[Captioned web images]
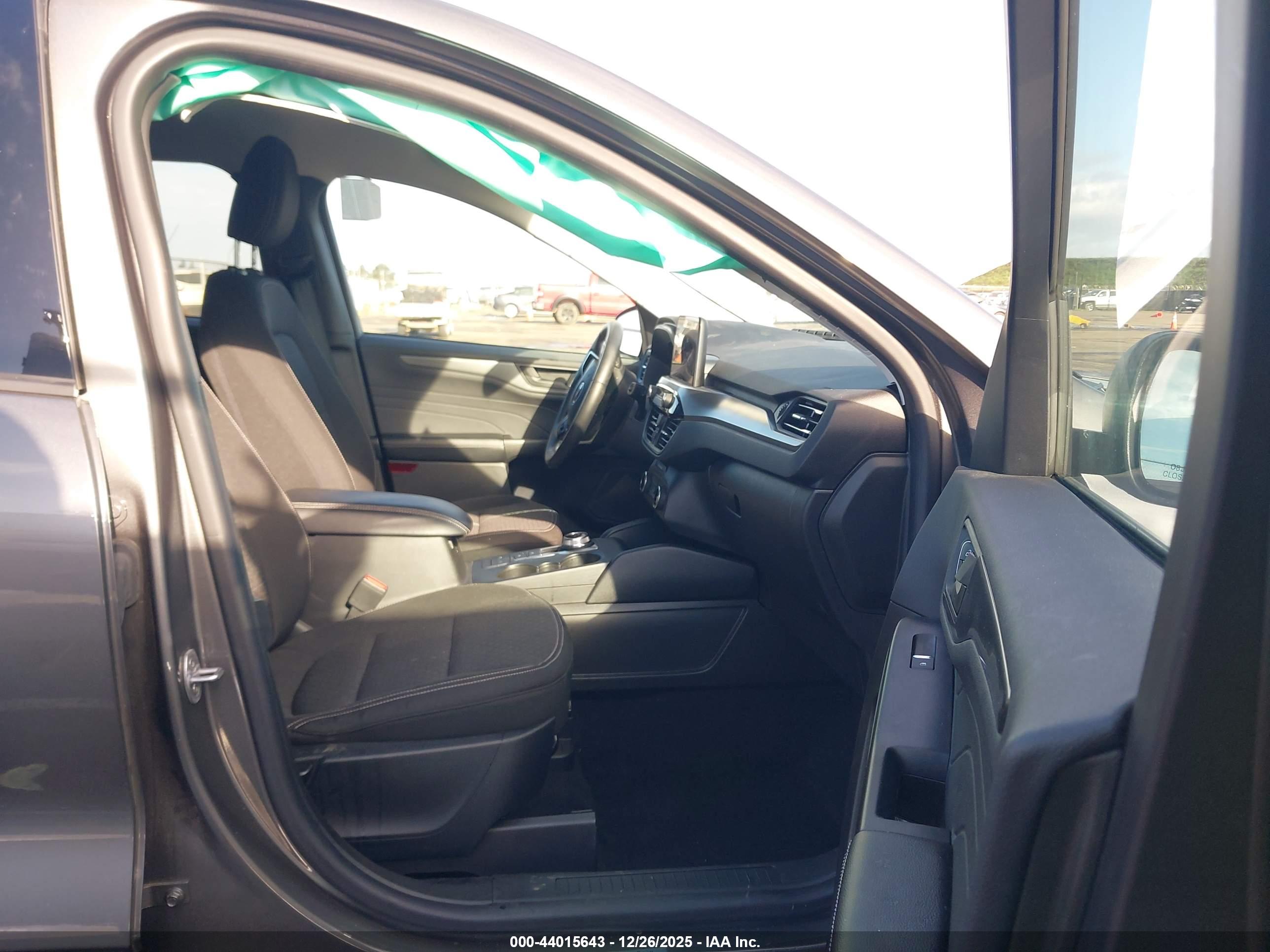 FORD ESCAPE image 5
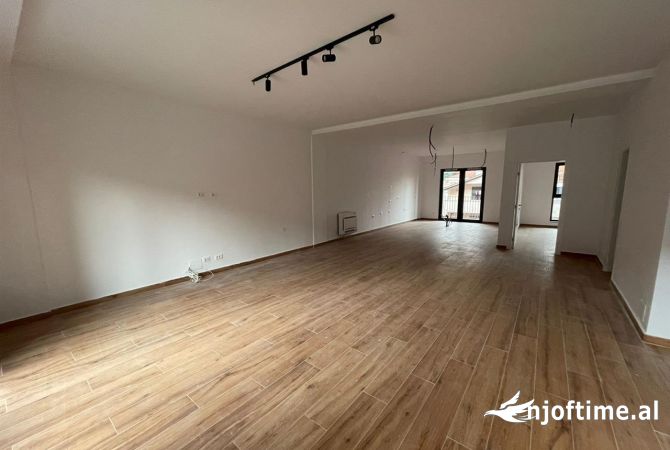 Ambient biznesi me qera 3+1 ne Tirane - 3,500 Euro
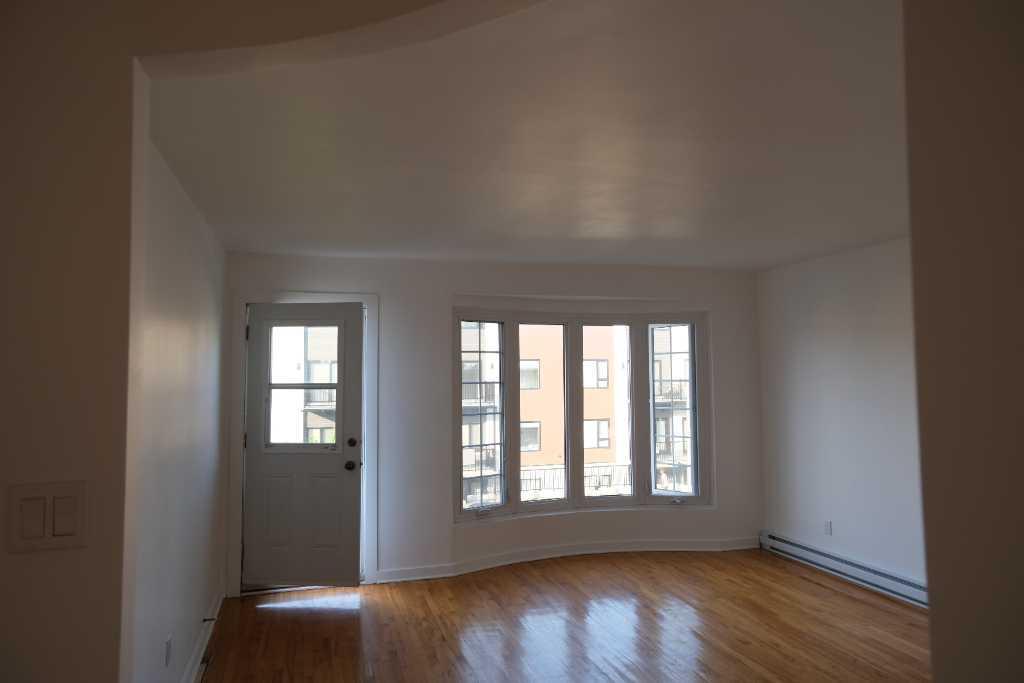 Grand 5 ½ à louer à Chomedey – Emplacement idéal!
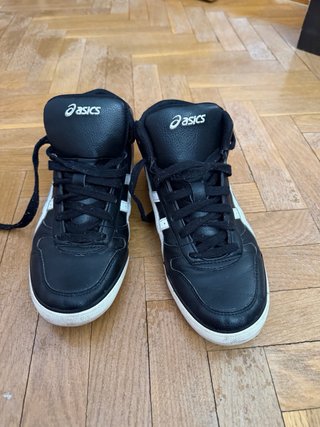 Zapatillas Asics Talla 40 Negras y Blancas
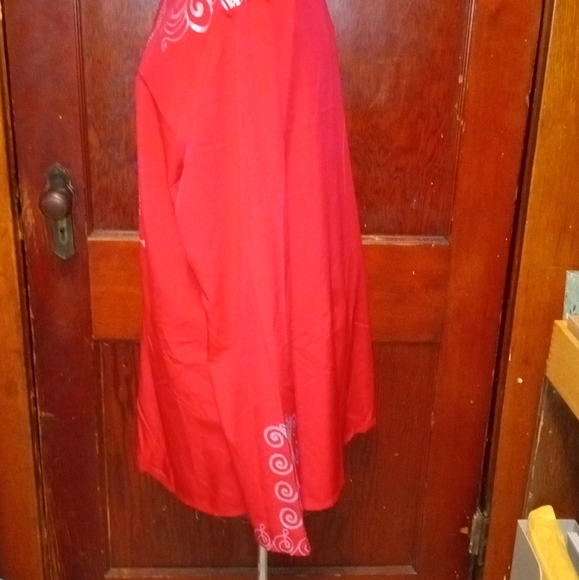Beautiful red & silver kurtas pyjamas top w/silver buttons band collar no labels - Picture 6 of 12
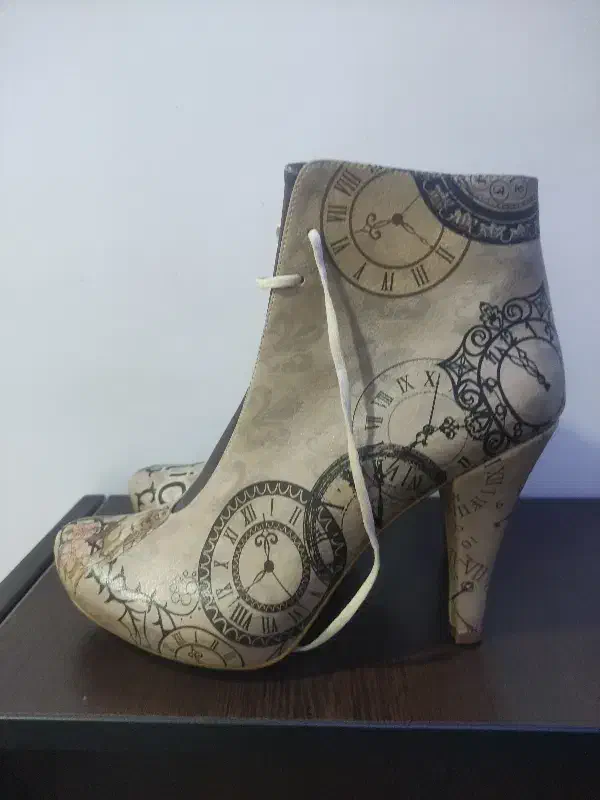 کفش زنانە نیم بوت|کیف، کفش، کمربند|بوکان, |دیوار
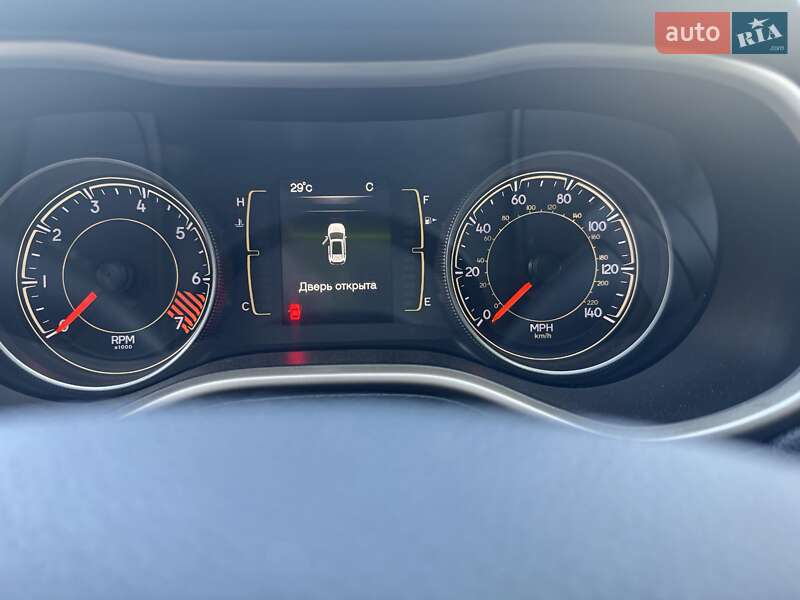Внедорожник / Кроссовер Jeep Cherokee 2015 в Харькове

YOUR ASSIGNMENT - Make an exact copy of only those lines that run from the line with "Grand 5 ½ à" through the end of the records, excluding pictures.

RESPONSE TO THE TASK -
 Grand 5 ½ à louer à Chomedey – Emplacement idéal!
 Zapatillas Asics Talla 40 Negras y Blancas
Beautiful red & silver kurtas pyjamas top w/silver buttons band collar no labels - Picture 6 of 12
 کفش زنانە نیم بوت|کیف، کفش، کمربند|بوکان, |دیوار
Внедорожник / Кроссовер Jeep Cherokee 2015 в Харькове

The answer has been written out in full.